Mientras todo eso ocurría en la sala, otra despedida —vasta, silenciosa, luminosa— tenía lugar en las redes sociales desde la mañana del 23 de noviembre. Temprano comenzaron a aparecer mensajes de alumnos, colegas, espectadores y amigos de décadas diversas. Cientos de comentarios, casi a la vez, como si un hilo invisible hubiera unido de pronto a toda la gente que alguna vez lo vio crear.

Una persona recordó la gracia inmensa de su Mamá Simone; otra evocó la nobleza de su figura siendo el Rey en Giselle, el ballet que él más amó. Entre las palabras, una frase quedó flotando como un susurro que traspasa generaciones: “Te esperan las Willis; quizá fuiste el único hombre más amado por ellas. Ahora Giselle baila para ti.”
Era un homenaje coral, uno que no necesitaba presencia física. Muchos no pudieron viajar a Camagüey, pero estaban allí, con él, desde cada comentario lleno de emoción verdadera. Era como si cada mensaje fuera una flor puesta sin manos.
Regina Balaguer, con una brevedad luminosa, dijo: “Vivir no es solo existir: es vivir y crear”. Y recordó que los sueños que él sembró seguirán moviéndose en el aire, como si la danza no hubiera terminado para él, solo cambiado de escenario. Más tarde se confirmó que sus cenizas serán depositadas en un sitial de honor en el Ballet de Camagüey. Allí, por fin, estará en su casa, rodeado de la compañía que ayudó a forjar.
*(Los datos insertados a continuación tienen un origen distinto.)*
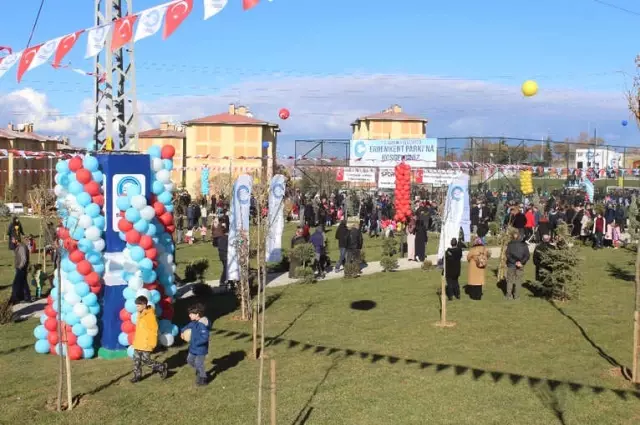 Edremit Erdemkent Parkı Hizmete Açıldı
Cuando todos desfilaron en la guardia de honor —los alumnos, las autoridades, los amigos, los artistas— el aplauso que surgió no fue un gesto de protocolo, sino un latido. Era el aplauso de décadas, no de minutos. Un aplauso que decía: “aquí estás, aquí sigues.”
Salí de la sala con la sensación de que la despedida había sido doble: la visible y la que cada quien llevaría consigo. Y pensé que la verdadera compañía de un hombre como él no es la multitud de un adiós, sino la constelación de seres que siguen soñando con él. Esa compañía —la suya— no conoce la soledad.